Margaret Glaspy has been playing music for some years but it is her debut album of last year, Emotions and Math that has put her on the map. CHRIS HAVERCROFT spoke to Glaspy on the cusp of her first Australian tour. Margaret Glaspy and her band play Chevron Festival Gardens on Thursday March 2 in a big double bill with Frankie Cosmos.

Success didn’t come easy. The singer-songwriter has been involved in music since she started playing trombone in the school band as a youngster. Glaspy then went on to write her own music and perform her own songs over the past decade, but it is the last twelve months that has seen her  touring relentlessly after the release a critically acclaimed debut album.

“I am surprised by it every day and thrilled to be playing music as my profession,” states Glaspy in a matter of fact manner. “Saying that it makes sense as it is what I have been doing all of my life day in and day out, so it is nice to catch a break every now and again. It has always been in my realm to do things that are creative. I have always felt comfortable on stage, so I think I have always been heading in this direction. I wanted to be an actress at a very young age and then when it came down to it, I chose music. I still have some aspirations to be an actress, but for now I am doing this.”

Glaspy left her home state of California to study and the Berklee School Of Music in Boston. She may have only been enrolled in the school for one semester, but it gave Glaspy the kick in the pants she needed. The vocal performance major learned how to get out of her comfort zone musically and used it as an opportunity to meet other talented people.

“It was really expensive,” she says. “It may be about $45,000 a year and I didn’t have the money to keep going.

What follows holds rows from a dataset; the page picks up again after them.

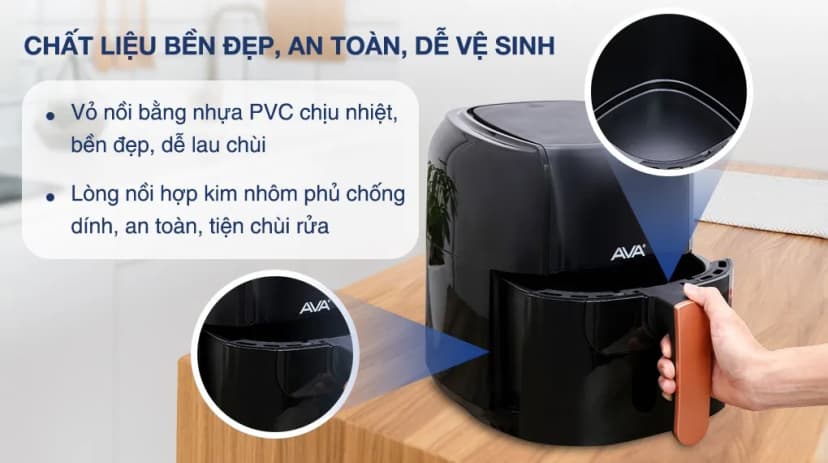 So sánh giá Nồi chiên không dầu AVA BF502A 6 lít - Tìm sản phẩm giá rẻ nhất - Ảnh 4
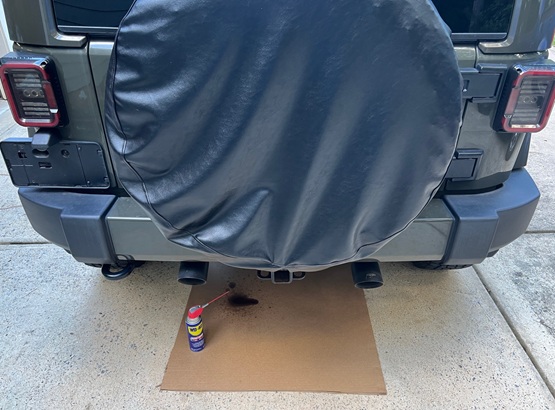 Jeep Wrangler muffler removal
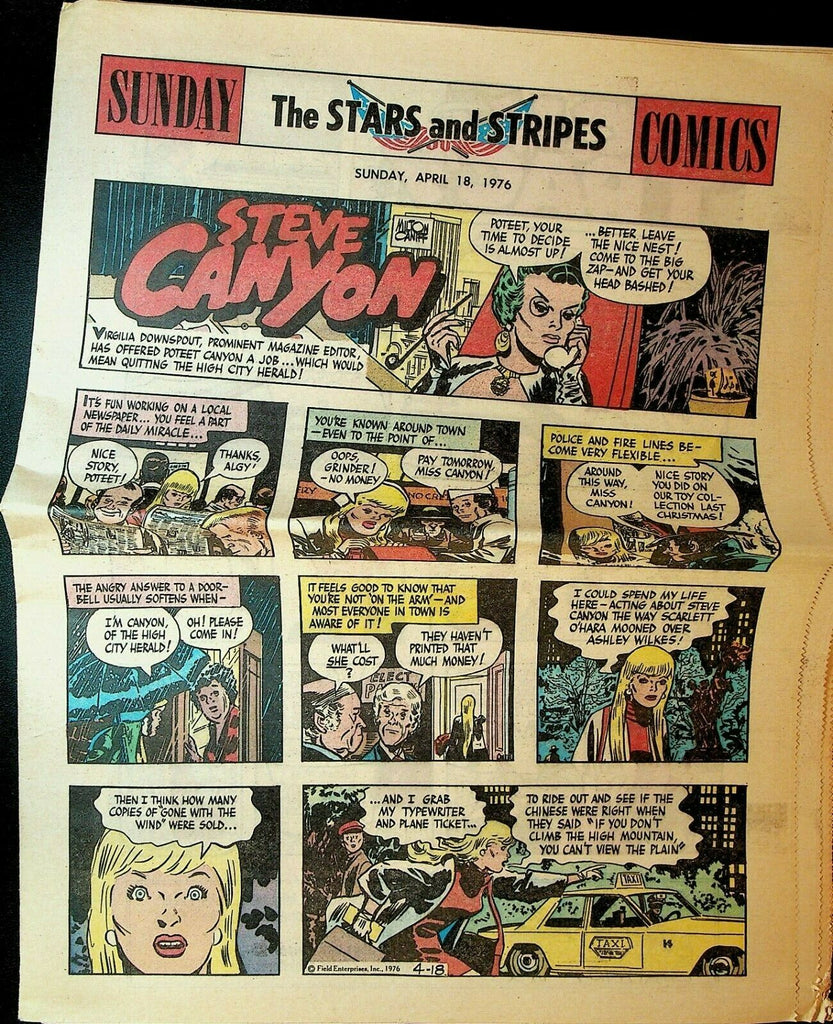 Stars & Stripes Sunday Newspaper Comic Section April 18 1976 Prince Valiant BC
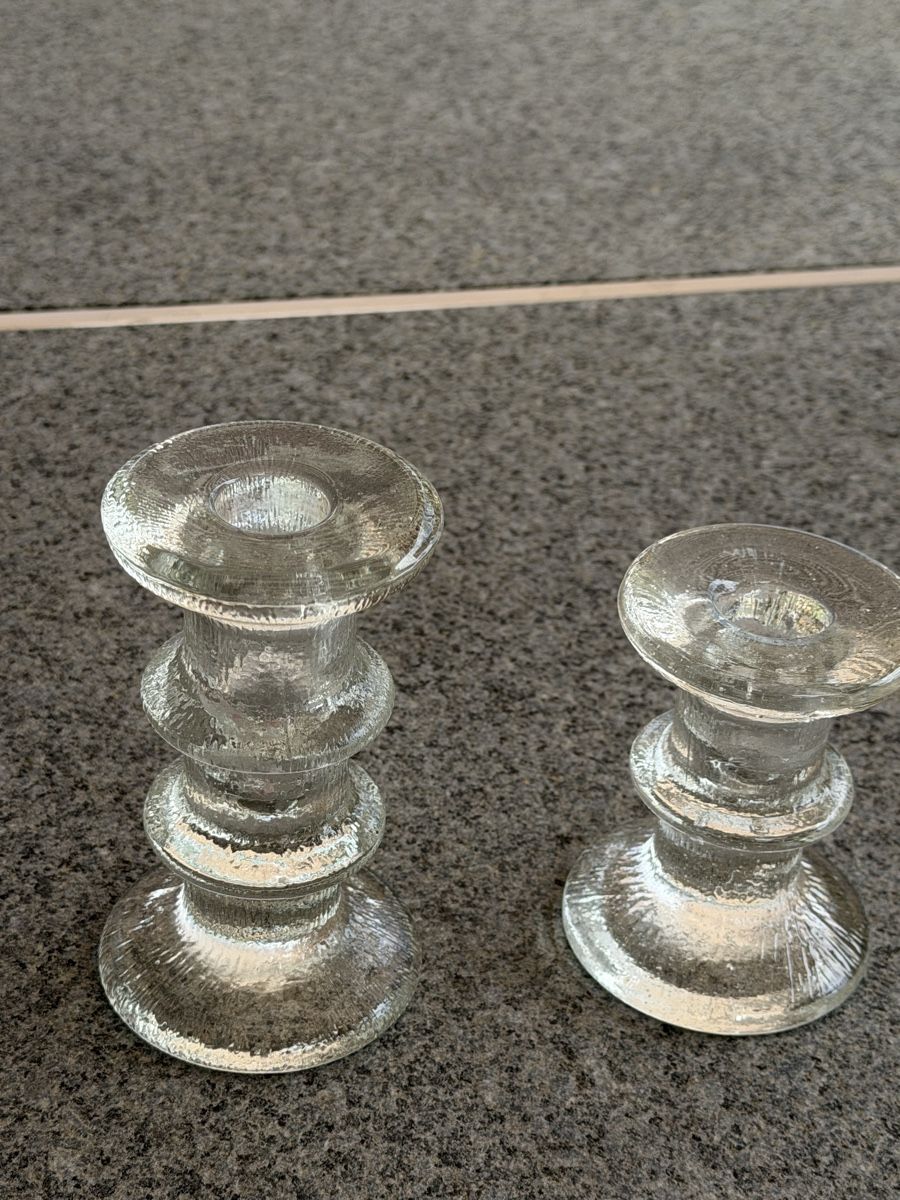 Iittala Portacandele: Vintage ittala Design Kerzenständer set 4 stk – Usato da Deitingen venduto da Himhip 2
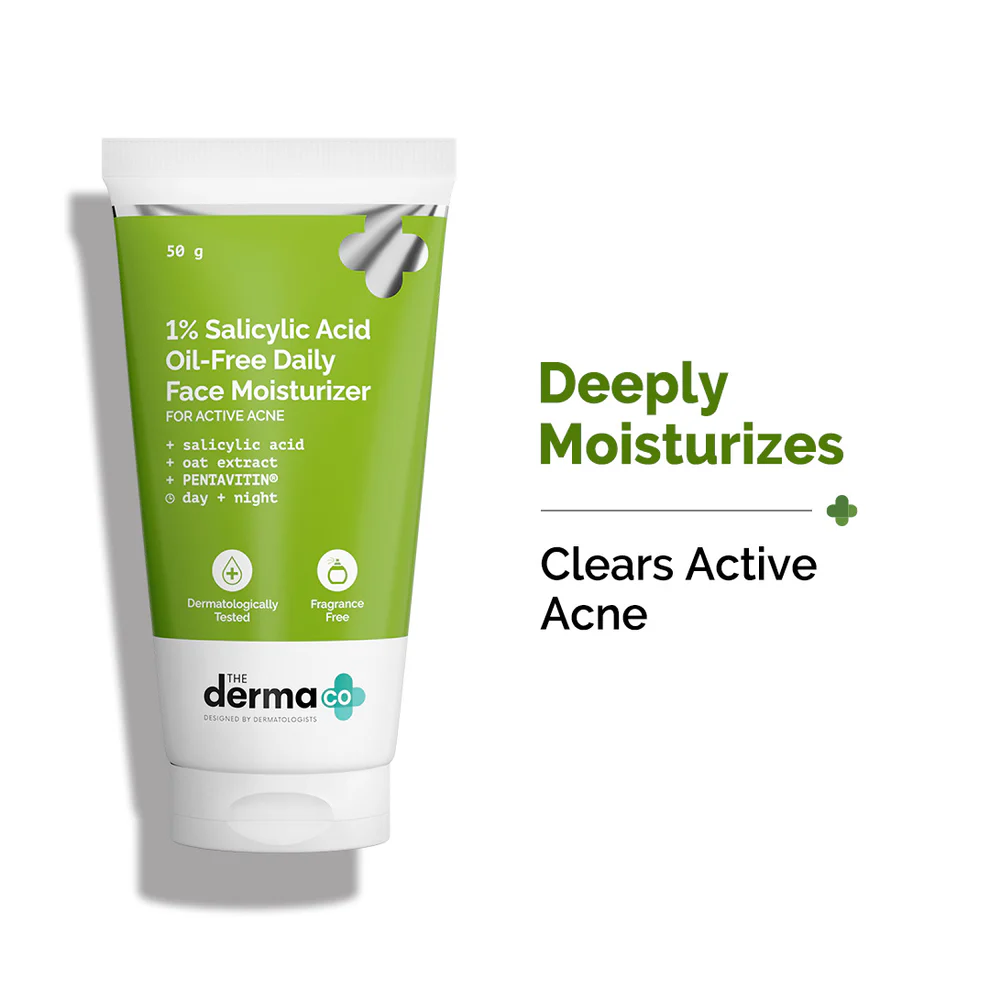 The Derma Co 1 Salicylic Acid OilFree Face Moisturizer for Active Ac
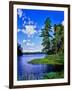 View of the Follensby Clear Pond, Adirondack Mountains, New York State, USA-null-Framed Photographic Print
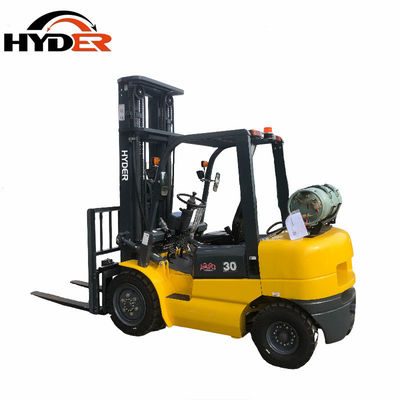 Gasoline Engine 3.0 Ton 3m Lifting Pneumatic Tires Forklift for Your Requirements
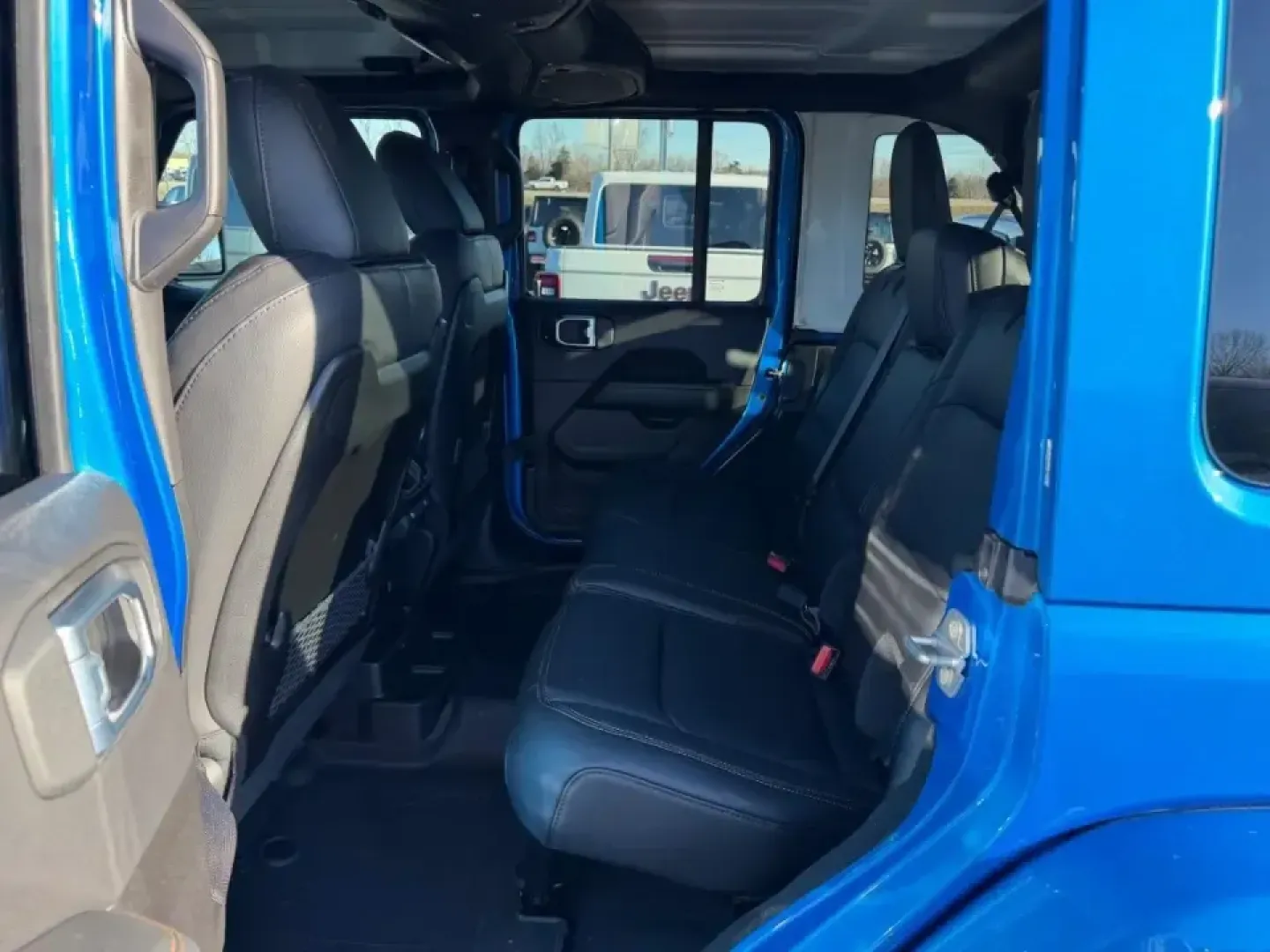 2026 /Black Leather Jeep Wrangler Sahara (1C4PJXEN3TW) with an 2.0L engine, 6M transmission, located at 970 Woodlawn Dr., Farmington, MO, 63640, (573) 431-7800, 37.825642, -90.468674 - ### Explore Life's Adventures with the 2026 Jeep Wrangler Sahara A Perfect SUV for All Your Family Escapades!<br /> <br /> Are you ready to elevate your lifestyle? The 2026 Jeep Wrangler Sahara in an eye-catching Hydro Blue is not just an SUV; it's your gateway to adventure! Whether you're hitting - Photo#8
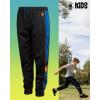image:imageBody Glove Boys Sweatpants  4 Pack Performance Tricot Boys Joggers with Drawstring Waist  Kids Soft Stretch Athletic PantsCharcoal Royal Panel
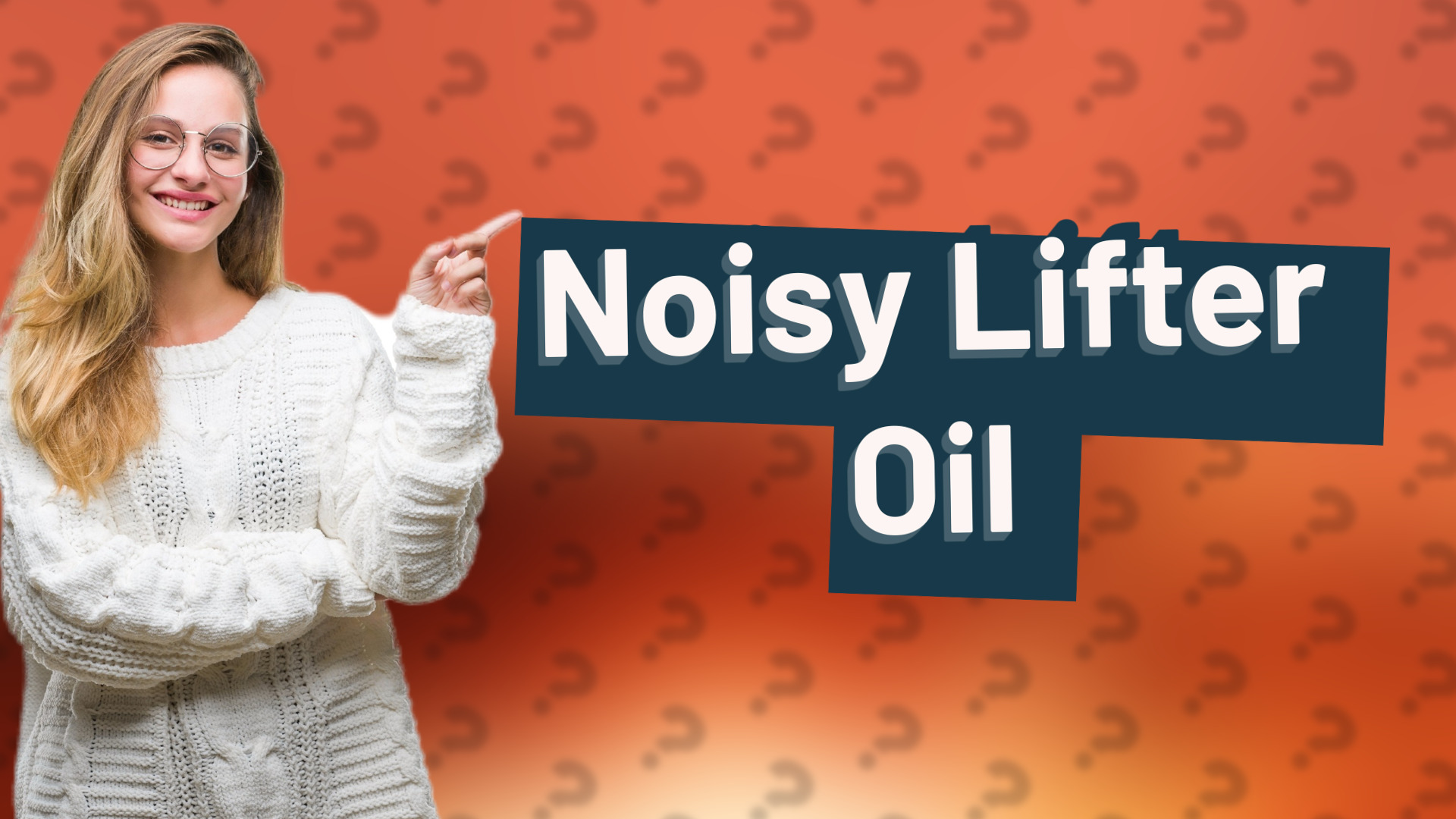 Noisy Lifter Oil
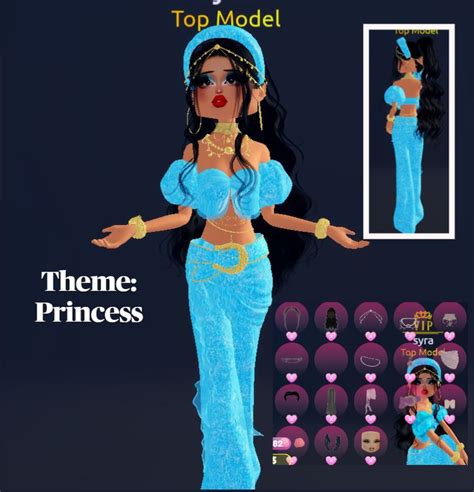 Dress To Impress Theme Disney Princess Jasmine 💙 In 2024 Dress To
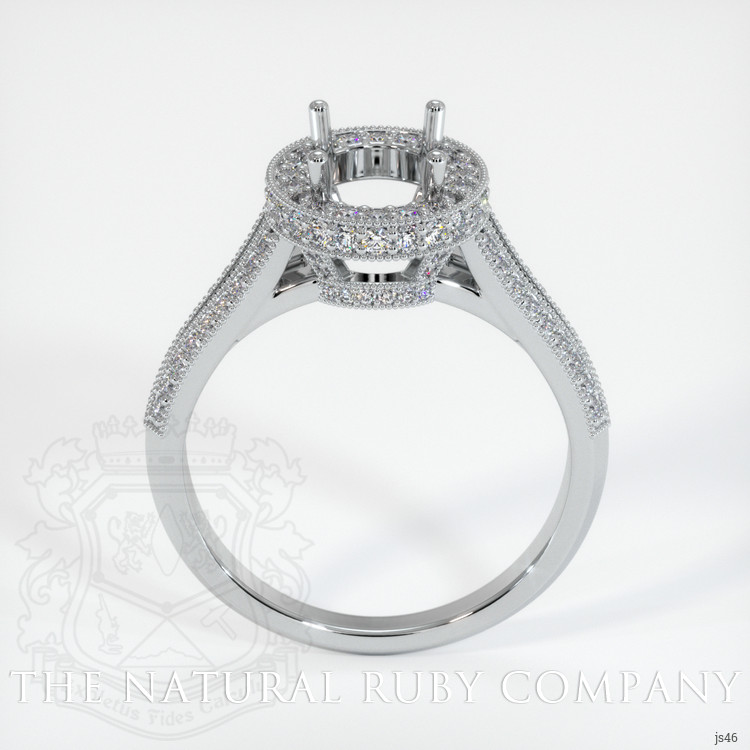 14K White Gold Antique Style Ring Setting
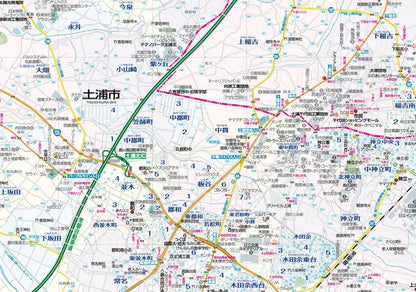 都市地図茨城県 土浦・かすみがうら市の画像4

I had a grant and some scholarship money from my school for the first semester, so after that I couldn’t afford to go anymore. I didn’t see that I could put myself that much into debt and then have a musician’s salary when I finished. I deeded to leave and took a job in Boston for a while and then moved to New York and started playing there.”

Within the first few months of moving to the bigger scene of New York City, Glaspy purchased her first electric guitar. At the time, she was playing a lot of clubs and little bars and found that the acoustic guitar sounded horrible in that environment. Since switching to electric guitar she has never looked back.

“I think the New York lifestyle is always to get to the bottom of things and don’t take too much time doing it,” she says. “Just deliver and get out of the way. That is what we did with the record, and made it in about three days. I spent a really long time to write the songs and get them where I liked them and it was just a matter of getting rid of all the excess and just delivering what I thought was the bottom line, which is a very New York mentality for sure.”

The songs on Emotion and Math took four years to write and the album was recorded three times over the duration. The process of making something and then spending a long time to edit it has informed the album title. The sentiments of the songs are natural and come out instinctively; for Glaspy the next part is working out how to display that emotive experience so as it plays well and people don’t have to work too hard to receive it.

“I think it is pretty human,” reflects Glaspy on the idea of emotion and math. “Everyone has some chemistry of the analytical versus the emotional. For me it feels like it is pretty split down the centre which can be confusing for me at times. Sometimes I wish I could be a little more of one than the other. It is a constant tug between the two.”